Por Pedro Nascimento Araujo
Há três anos, Muammar Ghadaffi
foi apeado do poder na Líbia. O folclórico e sanguinário ditador empalado não
deixa saudades, evidentemente, mas um ponto é inegável: sob sua mão de ferro, a
Líbia era um país. O que há hoje é uma fronteira no mapa. Em outras palavras,
aquilo que se convenciona chamar “estado falido” no jargão diplomático – não há
controle do território por parte do governo. Aliás, nem há governo: mesmo com a
realização de eleições em junho, não se chega a um nome de consenso para
Premier há meses por conta de um impasse político paralisante. O círculo
vicioso é simples: o sectarismo está fragmentando o país, com uma guerra civil
que se espraia por todos os lados, e a guerra civil aumenta a escassez de
recursos porque impede que o país obtenha receitas com a exportação de petróleo
há mais de um ano, alimentando o sectarismo. A cinematográfica retirada dos 150
membros da Embaixada dos Estados Unidos, feita por terra com escoltas de
centenas de fuzileiros navais americanos até o território da Tunísia, foi
apenas a parte mais visível da deterioração da situação na Líbia. Na prática, o
país está se encaminhando para uma nova ditadura a passos rápidos.

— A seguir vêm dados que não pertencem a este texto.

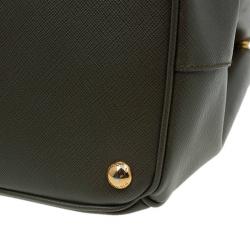 Pre Owned Prada Military Green Saffiano Lux Leather Medium Double Zip Tote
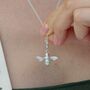 Sterling Silver Bee Charm Necklace, thumbnail 1 of 9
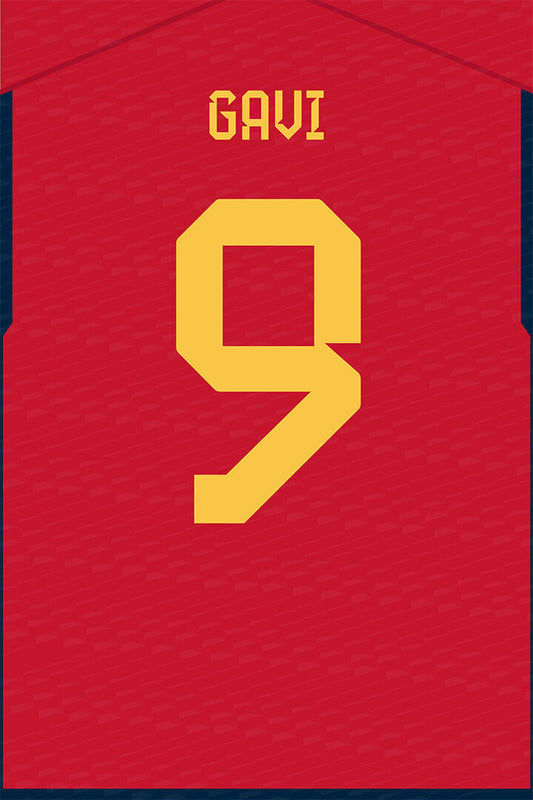 Spain #9 Gavi World Soccer Championship Poster Wall Art Print Home Wall Decor - xonomax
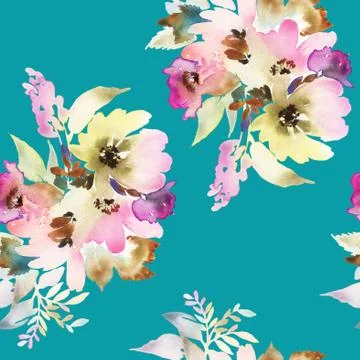 Seamless pattern with flowers watercolor Stock Illustration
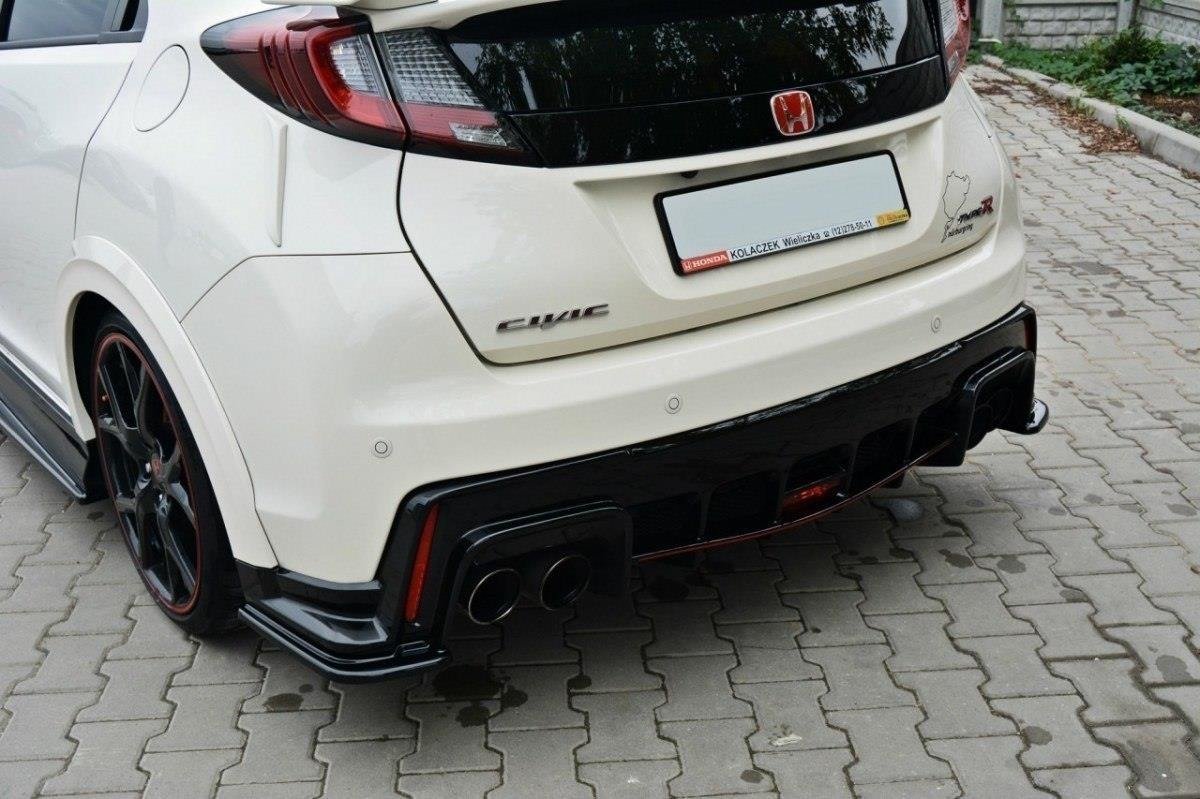 Heck Ansatz Flaps Diffusor für HONDA CIVIC IX TYPE R schwarz matt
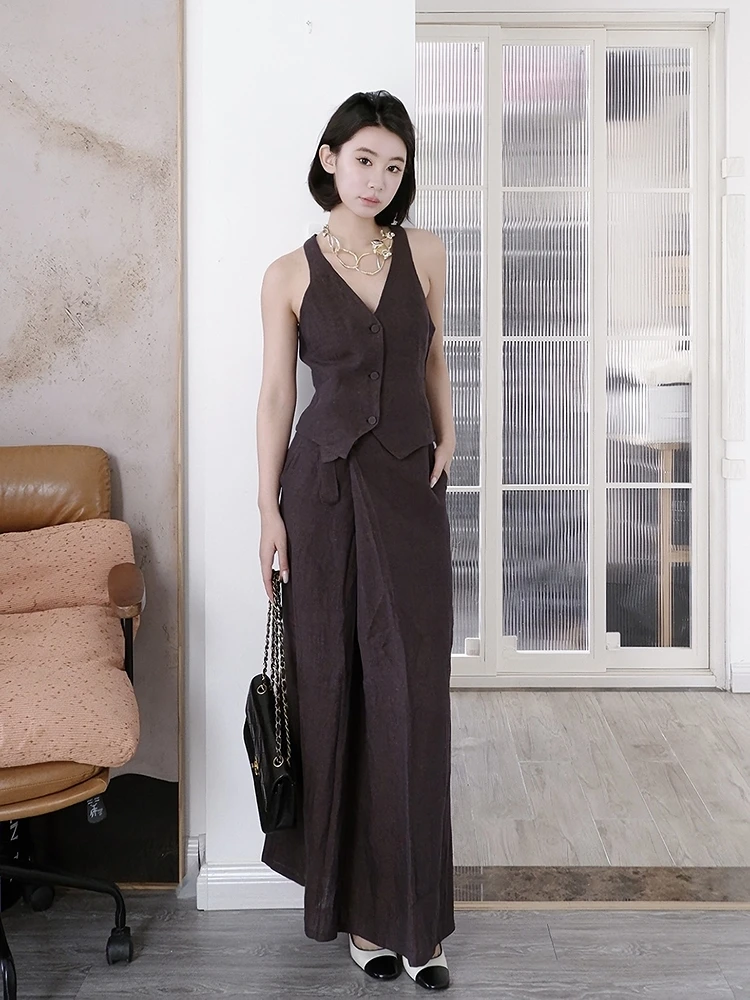 

Call Me Blue Linen 100 Vintage Style Half Skirt Set Elegant High-End Feeling Worn-In Fashion Women's Ensemble Spring 2025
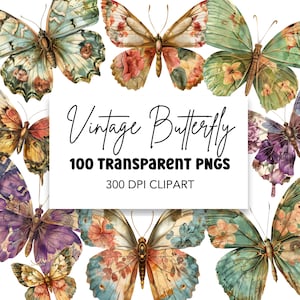 Vintage Butterfly Clipart Bundle, Digital Download Commerical Use art, PNG Clip art Pack Nature Butterflies Floral Art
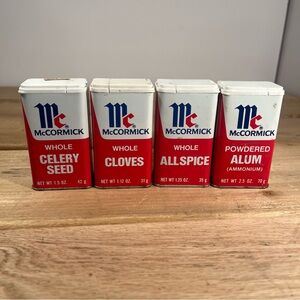 Vintage Lot of 4 Assorted Collectible Spice Tins McCormick Rustic Kitchen. Empty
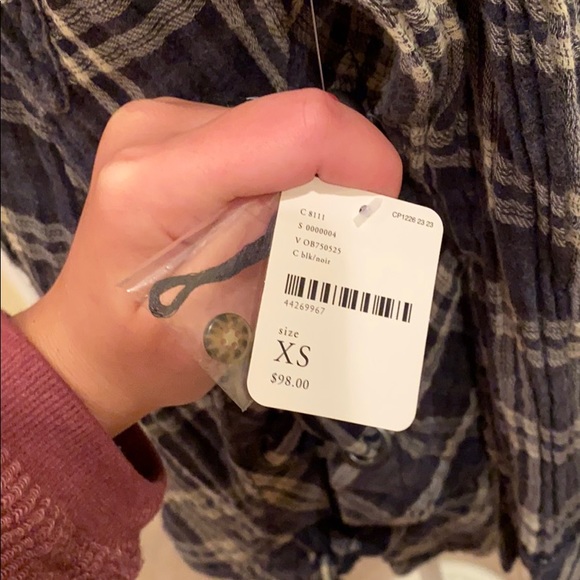 Free People Flannel Navy and White - Picture 3 of 4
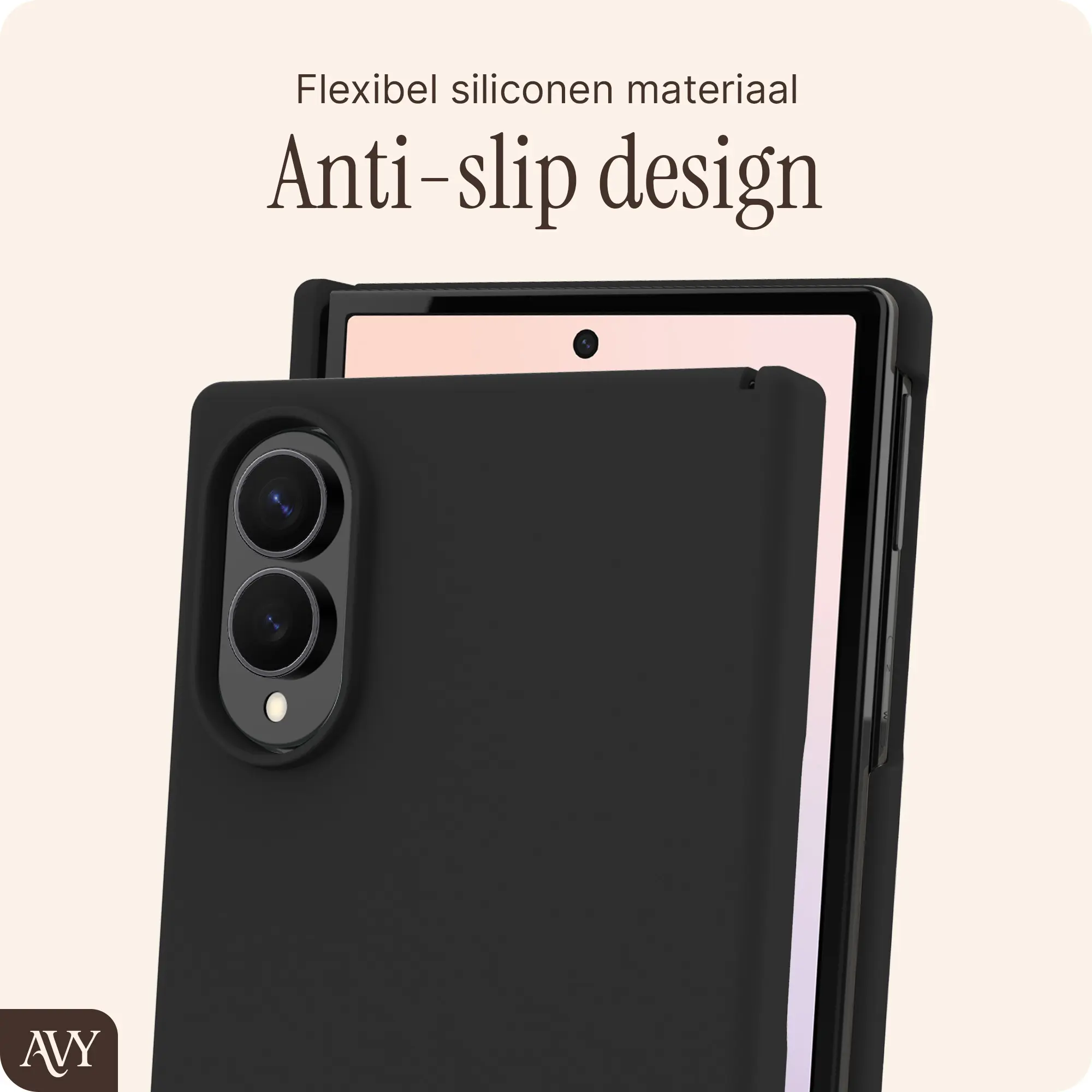 AVY Samsung Galaxy Z Fold 8 Hoesje Liquid Silicone met MagSafe Zwart afbeelding 6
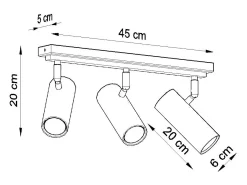 Luminárias de teto Invicta moderno, aço - 3 fontes de luz 4000K - L.45 x H.20 cm - branco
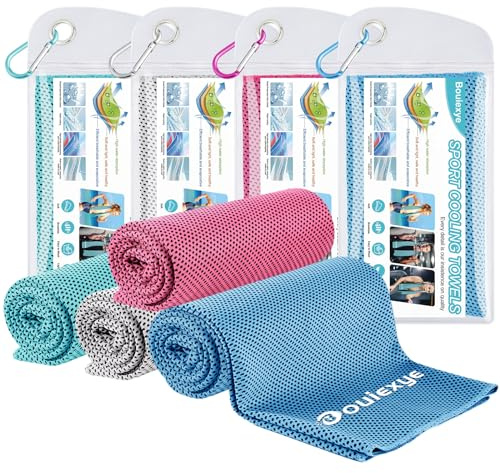 Bouiexye Lot de 4 serviettes rafraîchissantes 100 x 30 cm - Bleu lac - Bleu ciel - Rouge rose - Gris - Serviette rafraîchissante en microfibre - Pour le sport, le fitness, le yoga, les voyages, la
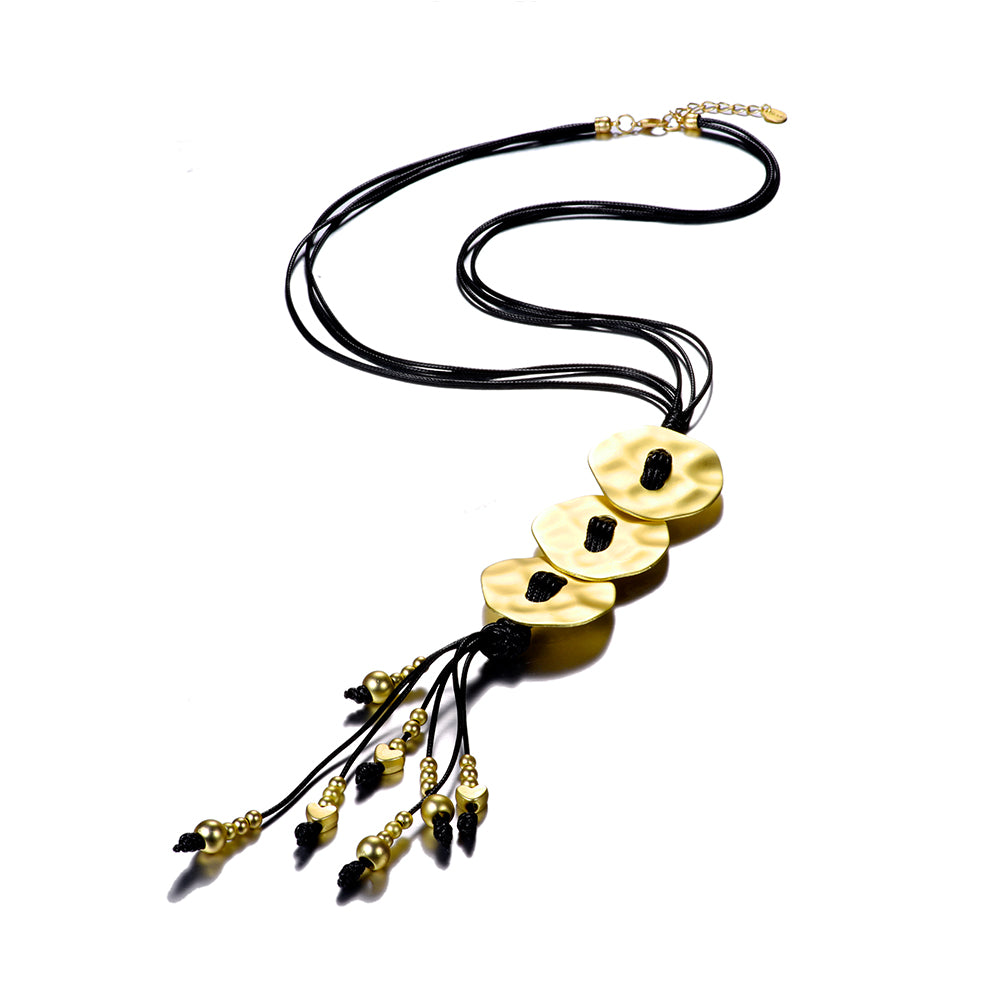 Necklace in leather and Zinc Alloy Coated with  Matt Gold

Há, atualmente, dois focos de
combate entre o que deveria ser o governo e rebeldes de vários matizes (e,
principalmente, entre eles). Um é em Benghazi, capital legislativa e segunda
maior cidade do país e que já não é controlada pelo governo há tempos. A
outrora bela cidade às margens do Mediterrâneo é uma praça de guerra entre
extremistas islâmicos. Foi em Benghazi que o embaixador americano na Líbia
(Christopher Stevens) foi assassinado em 11 de Setembro de 2012 em um ataque
com estimados 200 combatentes do Ansar al-Sharia, grupo local que almeja implantar
a sharia na Líbia. O outro é em Trípoli, capital. Mais especificamente, pelo
controle do aeroporto de Trípoli. Como o perímetro de segurança no país é cada
vez menor, como perceberam in loco há uma semana os diplomatas britânicos cujos
carros blindados foram emboscados e fuzilados próximos ao aeroporto, a situação
poderá ser completamente inviabilizada caso algum dos grupos radicais que estão
tentando capturá-lo logre êxito – embora esteja fechado, tecnicamente ele ainda
pertence ao governo. Mas ninguém espera que ele seja reaberto em condições de
uso em breve, como indicam os fechamentos de embaixadas de países tão díspares
como Alemanha, Tunísia, Filipinas, Turquia, Estados Unidos e Arábia Saudita,
dentre vários outros. Na verdade, a chance de haver uma pacificação no país em
curto prazo é baixíssima, como relataram os enviados especiais da União
Europeia para a Líbia há uma semana: eles disseram que a situação na Líbia está
“alcançando um estágio crítico.”
O governo (interino, uma vez que
não existe porque o recém-eleito parlamento simplesmente não é conhecido: os
resultados do pleito de 25-Jul-2014 ainda não foram divulgados) consegue a
proeza de estar sendo vítima ao mesmo tempo de um golpe militar que quer
implantar um general aposentado no comando do país e mantê-lo laico (Jallifa
Hifter, comandante de facto do que restou das forças armadas do país) e de
ataques de extremistas que querem implantar a sharia. Hifter aparenta estar
vencendo. Não é de estranhar, uma vez que seus antagonistas defensores da
sharia são tão radicais que conseguem fazê-lo parecer um anjo. Parece mentira,
mas, em Benghazi, Hifter, que está tentando derrubar o governo, está lutando
contra o Ansar al-Sharia, que também quer derrubar o governo. Assim, por puro e
simples medo de que os radicais transformem a Líbia em um novo Afeganistão,
Iraque ou Síria, muitos países, inclusive democracias, o apoiam. Outros
preferem restaurar a monarquia constitucional na Líbia (o então coronel Gaddafi
destronou a dinastia al-Senussi, que assumiu com a independência da Líbia em
1951 e ficou no trono até 1969, quando Gaddafi instalou-se no poder e lá ficou
até 2011: se não chegou a ser um Fidel Castro, de certo foi um ditador deveras
longevo), mas, mesmo sendo essa a opção escolhida, o comando na prática ficaria
com o golpista Hifter. De qualquer modo, a Líbia parece estar se encaminhando
para outra ditadura – se não sob aplausos, ao menos sob silêncio cúmplice das
democracias, que, pragmaticamente, sempre preferem um estado democrático a um
estado ditatorial, mas também preferem um estado ditatorial a um estado falido.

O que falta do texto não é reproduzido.